> **Task instructions**
An unchanged copy of all the lines below is expected, and it should contain no pictures.

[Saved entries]
———
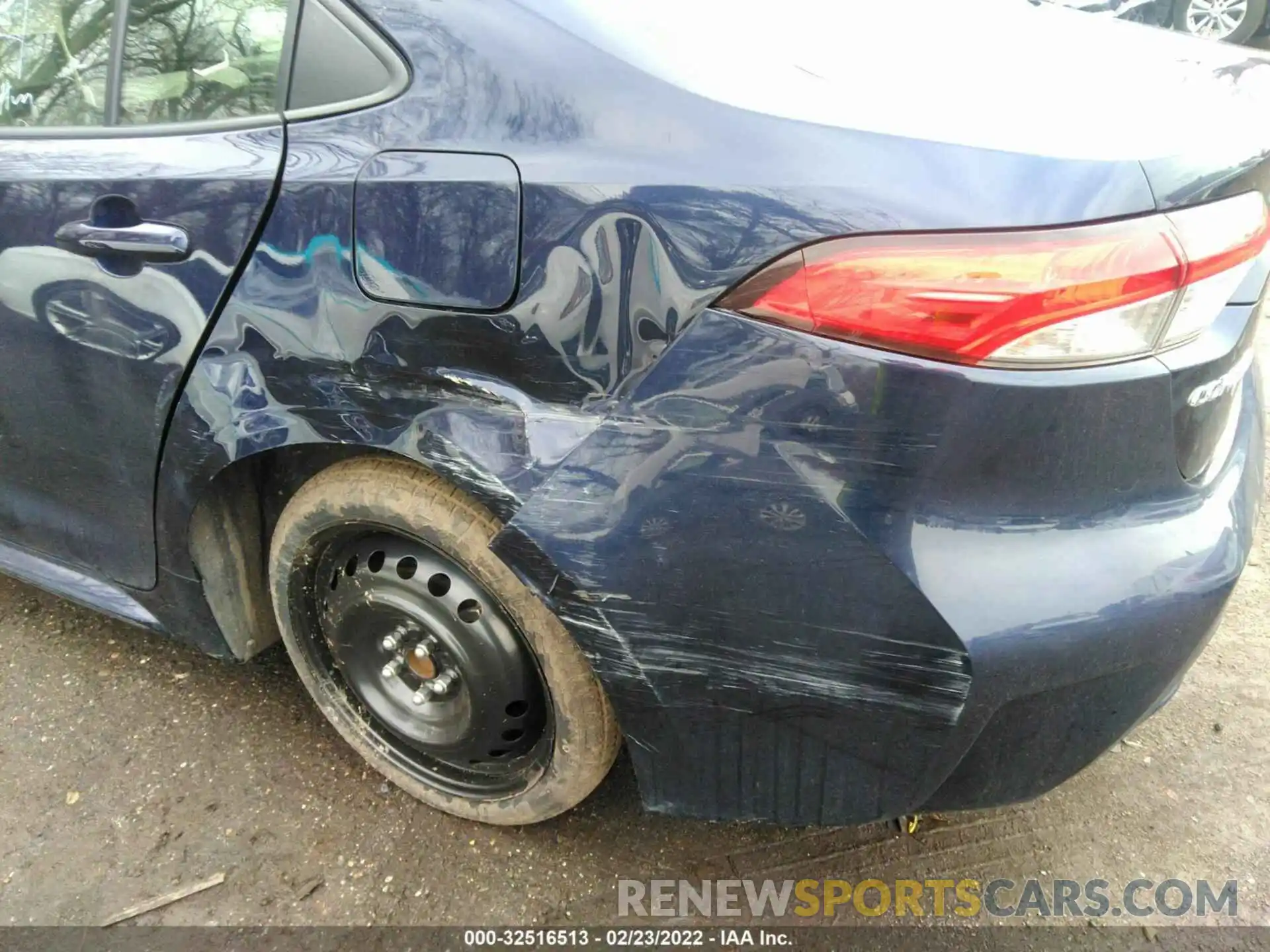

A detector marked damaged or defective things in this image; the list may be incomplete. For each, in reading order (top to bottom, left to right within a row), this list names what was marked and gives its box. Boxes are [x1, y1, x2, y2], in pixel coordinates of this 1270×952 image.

dented rear quarter panel [153, 0, 1265, 822]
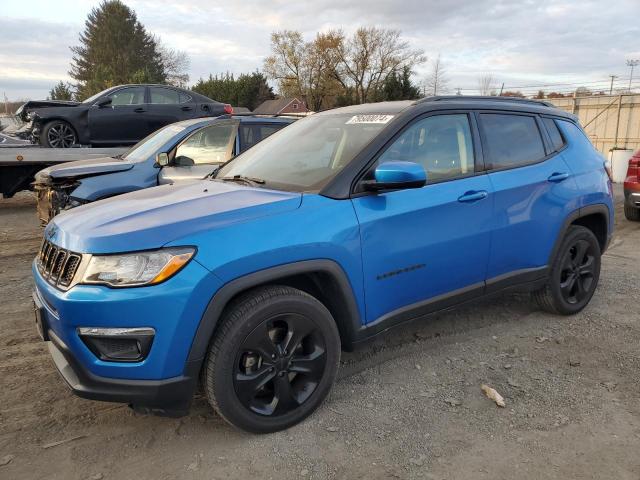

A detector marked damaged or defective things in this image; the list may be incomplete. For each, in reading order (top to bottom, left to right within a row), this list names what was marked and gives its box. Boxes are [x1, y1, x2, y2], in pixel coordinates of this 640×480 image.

damaged front end [34, 179, 82, 226]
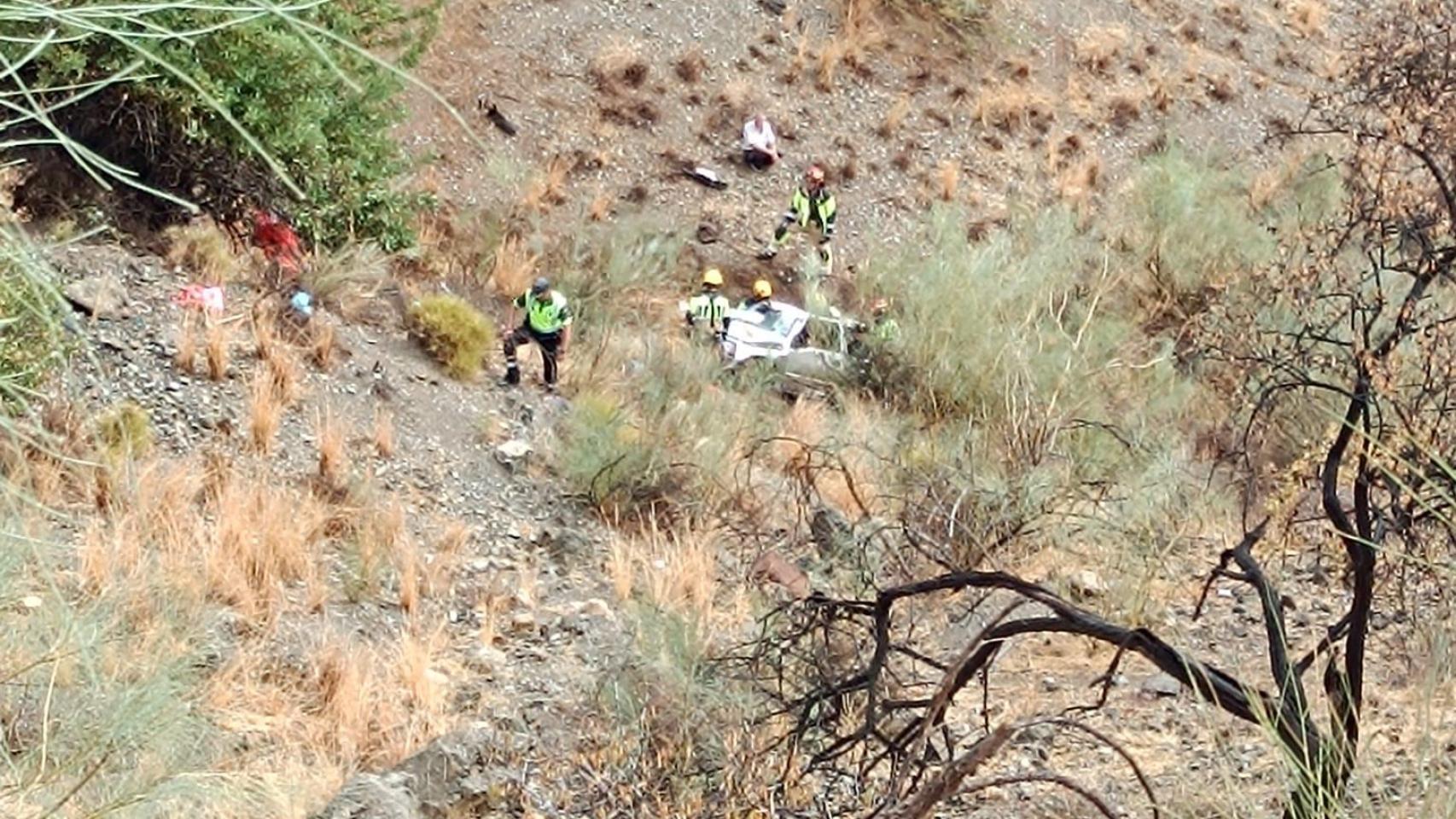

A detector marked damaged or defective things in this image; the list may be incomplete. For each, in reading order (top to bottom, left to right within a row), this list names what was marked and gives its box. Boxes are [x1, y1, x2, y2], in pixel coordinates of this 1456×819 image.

overturned white vehicle [720, 302, 864, 401]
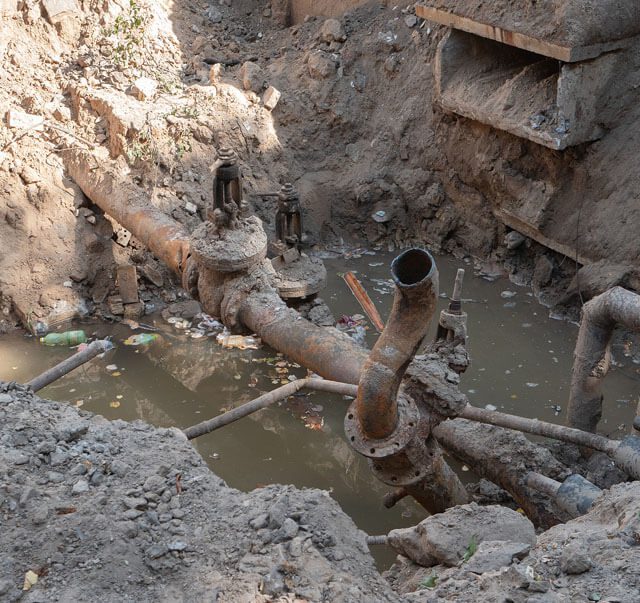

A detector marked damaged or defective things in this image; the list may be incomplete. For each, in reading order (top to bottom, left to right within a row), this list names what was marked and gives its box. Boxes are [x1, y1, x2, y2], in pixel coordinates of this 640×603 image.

rusty pipe [63, 150, 191, 274]
corroded valve [209, 148, 244, 229]
corroded valve [276, 182, 302, 248]
rusty pipe [356, 248, 440, 442]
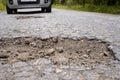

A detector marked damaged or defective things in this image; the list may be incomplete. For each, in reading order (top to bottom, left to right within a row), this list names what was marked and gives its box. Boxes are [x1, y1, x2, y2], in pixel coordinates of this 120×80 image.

pothole [0, 37, 115, 66]
deep pothole [0, 37, 115, 67]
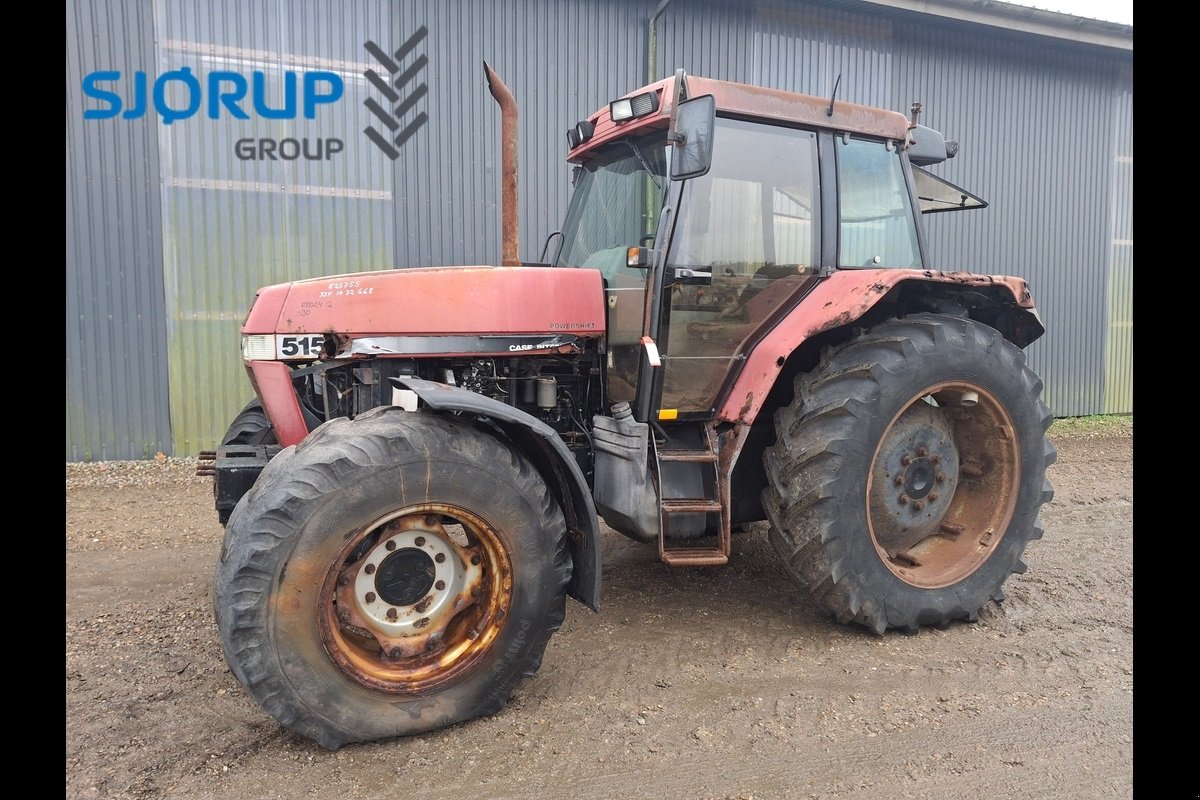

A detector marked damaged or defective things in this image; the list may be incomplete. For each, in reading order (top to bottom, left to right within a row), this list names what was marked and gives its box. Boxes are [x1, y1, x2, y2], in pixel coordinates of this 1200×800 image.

rusty wheel rim [868, 381, 1017, 587]
rusty wheel rim [319, 506, 511, 695]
———
> **Task solution**
A detector marked damaged or defective things in this image; the list may be incomplete. For each, in reading order (top to bottom, left to right within a row), this list names what was marked and gives its box. Boxes are [x1, y1, x2, y2], in pixel coordinates of this 1270×952 image.

dented rear quarter panel [153, 0, 1265, 822]

A detector marked damaged or defective things in this image; the list may be incomplete. For each, in reading order (top to bottom, left to right within a row), this list names what was marked and gives its box. Boxes are [x1, y1, x2, y2], in pixel coordinates of this 640×480 image.

damaged front end [34, 179, 82, 226]

A detector marked damaged or defective things in this image; the list may be incomplete. For each, in reading order (top to bottom, left to right within a row), this list names what was marked and gives its box. Boxes are [x1, y1, x2, y2], in pixel coordinates of this 1456×819 image.

overturned white vehicle [720, 302, 864, 401]

A detector marked damaged or defective things in this image; the list may be incomplete. For each, in reading order (top to bottom, left to right within a row), this list names what was marked and gives its box. Boxes are [x1, y1, x2, y2], in pixel coordinates of this 640×603 image.

rusty pipe [63, 150, 191, 274]
corroded valve [209, 148, 244, 229]
corroded valve [276, 182, 302, 248]
rusty pipe [356, 248, 440, 442]

A detector marked damaged or defective things in this image; the list may be incomplete. For each, in reading order (top to bottom, left to right within a row), this list names what was marked and gives its box. Boxes are [x1, y1, x2, y2], in pixel coordinates of this 120×80 image.

pothole [0, 37, 115, 66]
deep pothole [0, 37, 115, 67]

A detector marked damaged or defective things in this image; the list may be incomplete. For each, in reading order (top to bottom, left to right within a row), this list names what was marked and gives its box. Boxes are [x1, y1, x2, y2], in pixel coordinates of this 1200×800 image.

rusty wheel rim [868, 381, 1017, 587]
rusty wheel rim [319, 506, 511, 695]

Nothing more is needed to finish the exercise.